There is real risk of socio-political crisis in Burkina Faso. Since coming to power in 1987, Blaise Compaoré has put in place a semi-authoritarian regime, combining democratisation with repression, to ensure political stability – something its predecessors have never achieved. This complex, flawed system is unlikely to be sustained, however. It revolves around one man who has dominated political life for over two decades and has left little room for a smooth transition. In fact, there are few alternatives for democratic succession. The opposition is divided and lacks financial capacity and charismatic, experienced leaders; and none of the key figures in the ruling party has emerged as a credible successor. If Compaoré fails to manage his departure effectively, the country could face political upheaval similar to that which rocked Côte d’Ivoire in the 1990s following the death of Félix Houphouët-Boigny.

Another threat to Burkina Faso’s stability is social explosion. The society has modernised faster than the political system, and urbanisation and globalisation have created high expectations for change from an increasingly young population. Despite strong economic growth, inequalities are widespread and the country is one of the poorest in the world. Repeated promises of change have never been fulfilled, and this has led to broken relations between the state and its citizens as well as a loss of authority at all levels of the administration. Public distrust sparked violent protests in the first half of 2011 that involved various segments of the society, including rank-and-file soldiers in several cities.

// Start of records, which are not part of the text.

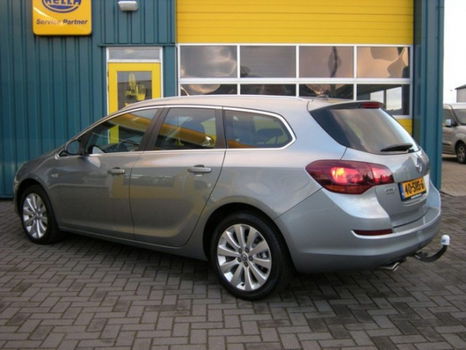 Opel Astra Sports Tourer - - 1.4 Turbo Cosmo - 1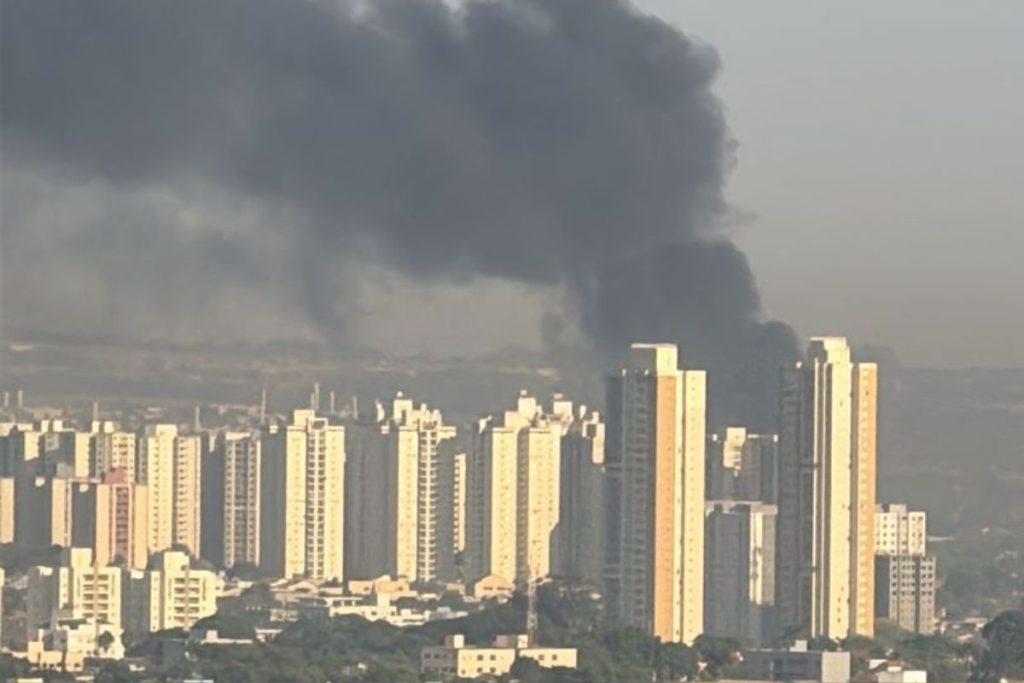 Imagens impressionantes mostram incêndio de grandes proporções que atingiu Goiânia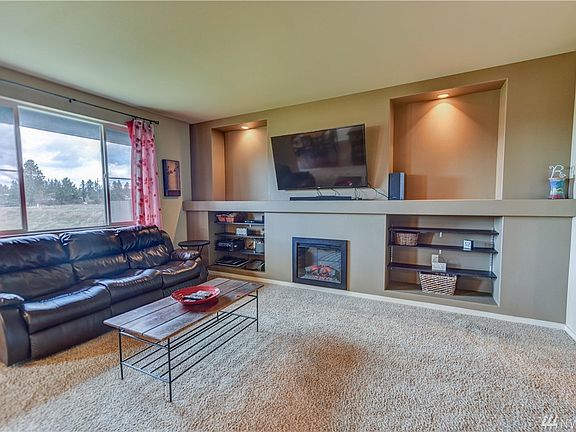 2nd image of 625 204th Street Ct E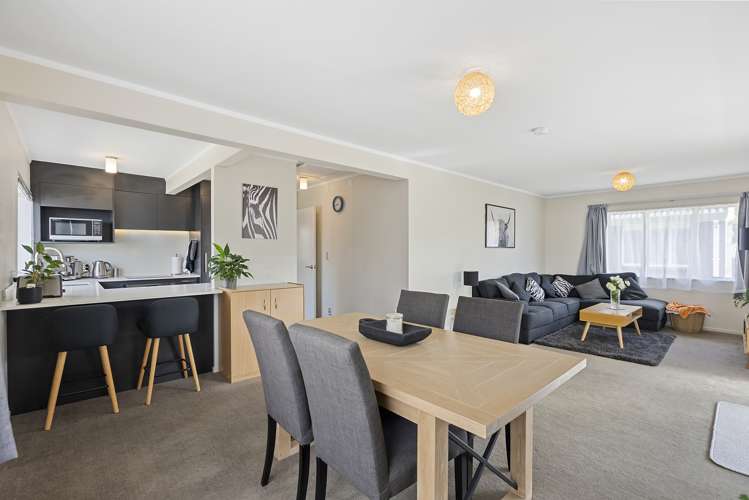 5c Central Park Drive Te Atatu South_1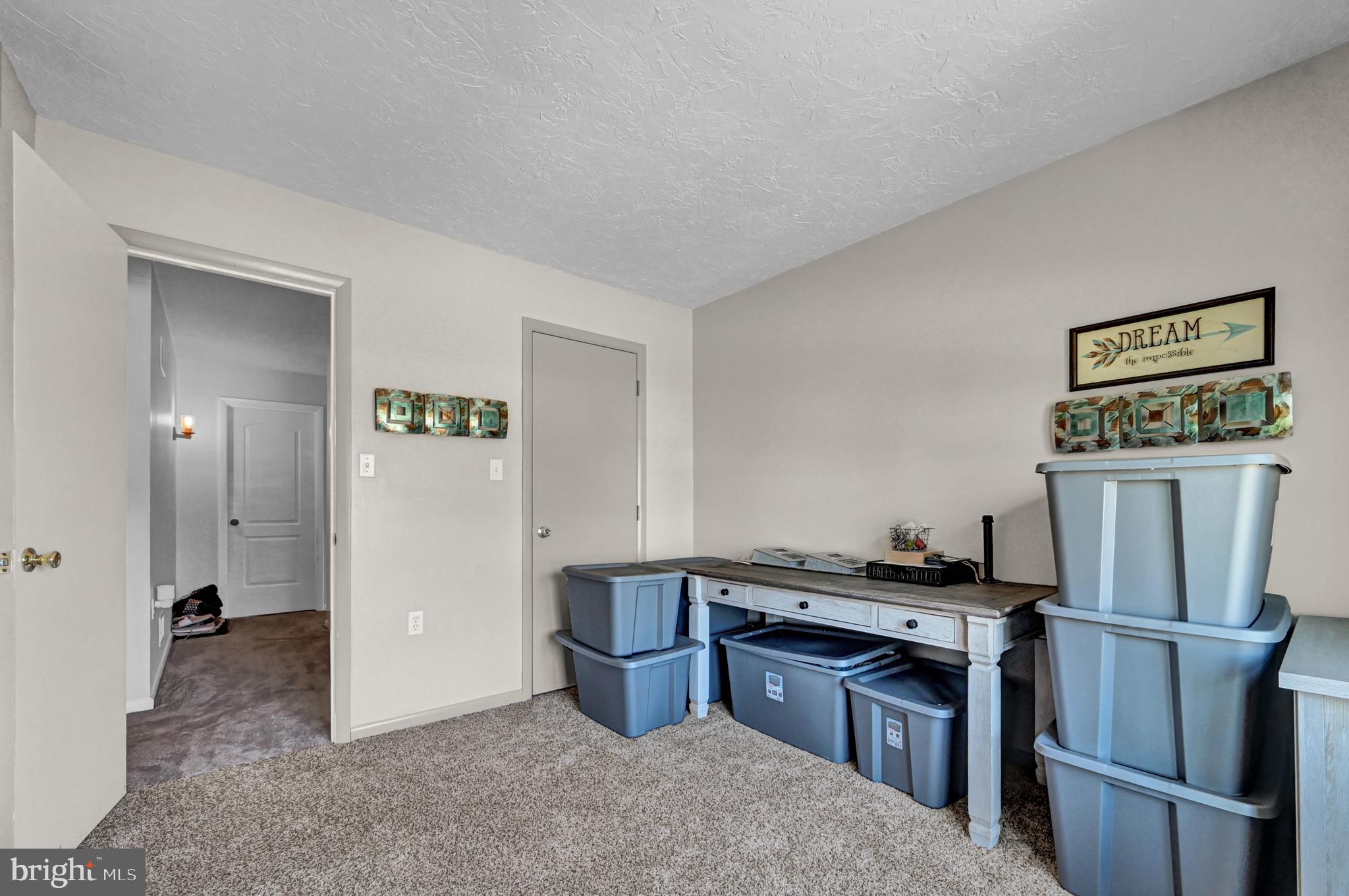 2335 North North Point Drive York, PA 17406 - Photo 21 of 41 Gallery Image 21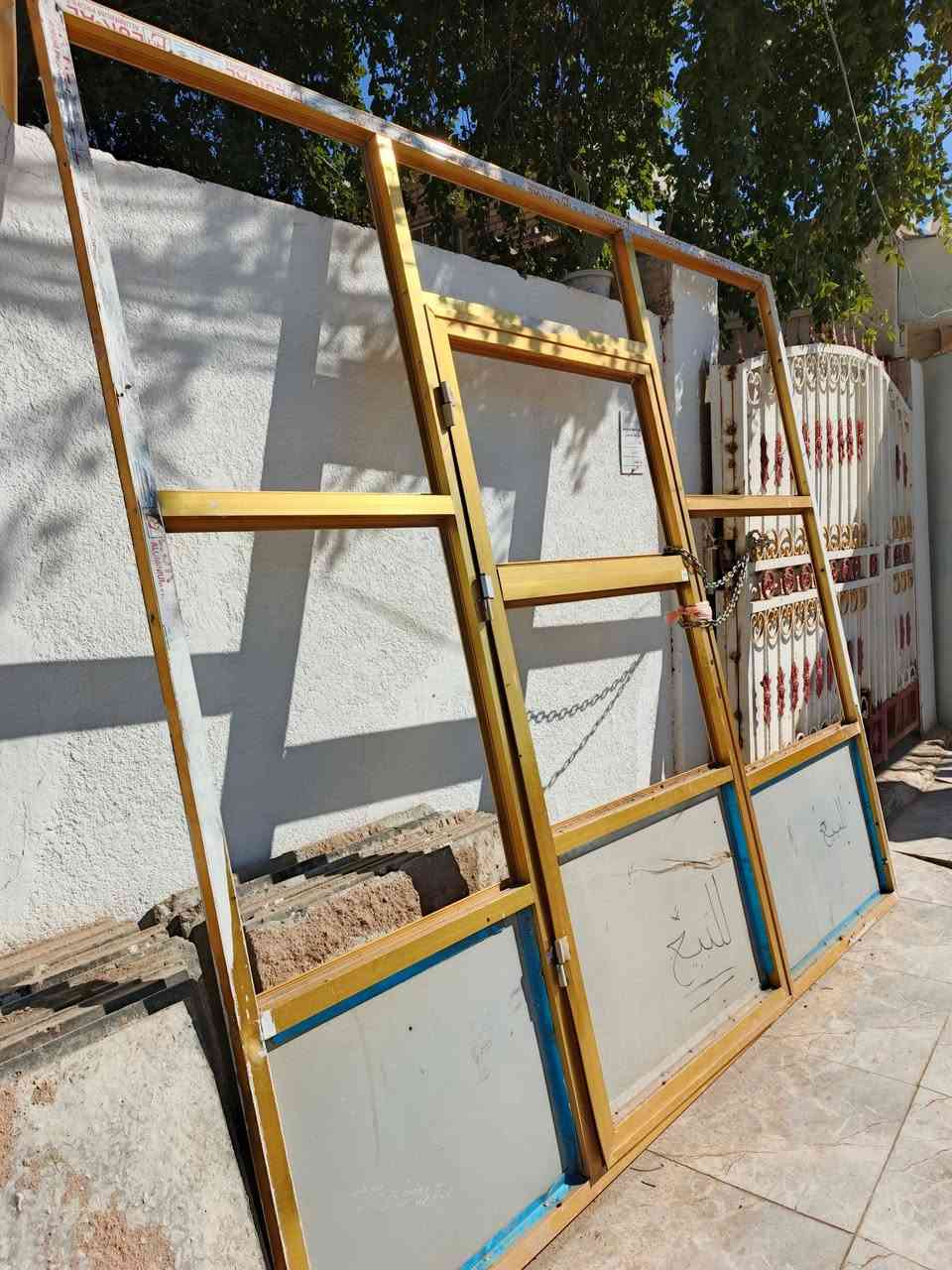 باب المنيوم جام خانة للبيع نظيفة كلش قياس 3 × 3
هي وجامها كاملة.

مكاني ناصرية قضاء الشطرة 
الشراي أتصل او راسلني خاص وبيك خير وتدلل.  

.                 { ‏‪***********‬‏ }
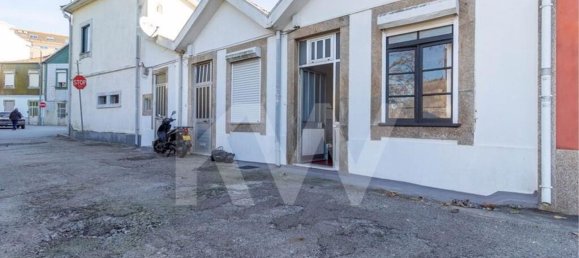 3 bedrooms House in Vila Nova de Gaia, Portugal No. 36024 28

For the first time, the military appeared divided between the elites and the rank and file, and somewhat hostile to the president, who has sought to control the defence and security apparatus from which he had emerged. The crisis was only partially resolved, and local conflicts over land, traditional leadership and workers’ rights increased in 2012. Such tensions are especially worrying given the country’s history of social struggle and revolutionary tendencies since the 1983 Marxist-inspired revolution.

Blaise Compaoré’s long reign is showing the usual signs of erosion that characterises semi-autocratic rule. Several key figures of his regime have retired, including the mayor of Ouagadougou, Simon Compaoré – not a relative of the president – who managed the country’s capital for seventeen years; and billionaire Oumarou Kanazoé, who until his death was a moderate voice among the Muslim community. In addition, the death of Libya’s Muammar Qadhafi, a major financial partner, was a blow to Compaoré’s regime.

President Compaoré has responded to these challenges with reforms that have not met popular expectations and have only scratched the surface. Further, he has remained silent on whether he will actually leave office in 2015. He has concentrated power, in the country and within his Congress for Democracy and Progress (CDP) party, in the hands of a small circle of very close allies and family members, including his younger brother François Compaoré, who was elected to parliament for the first time on 2 December 2012. The president’s silence and his brother’s political ascent continue to fuel uncertainty.

President Compaoré has less than three years left to prepare his departure and prevent a succession battle or a new popular uprising. He is the only actor capable of facilitating a smooth transition. By upholding the constitution and resisting the temptation of dynastic succession, he could preserve stability, the main accomplishment of his long rule. Any other scenario would pave the way for a troubled future. Similarly, the opposition and civil society organisations should act responsibly and work to create conditions for a democratic process that would preserve peace and stability. International partners, in particular Western allies, should no longer focus exclusively on Compaoré’s mediation role and the monitoring of security risks in West Africa; they should also pay close attention to domestic politics and the promotion of democracy in Burkina Faso.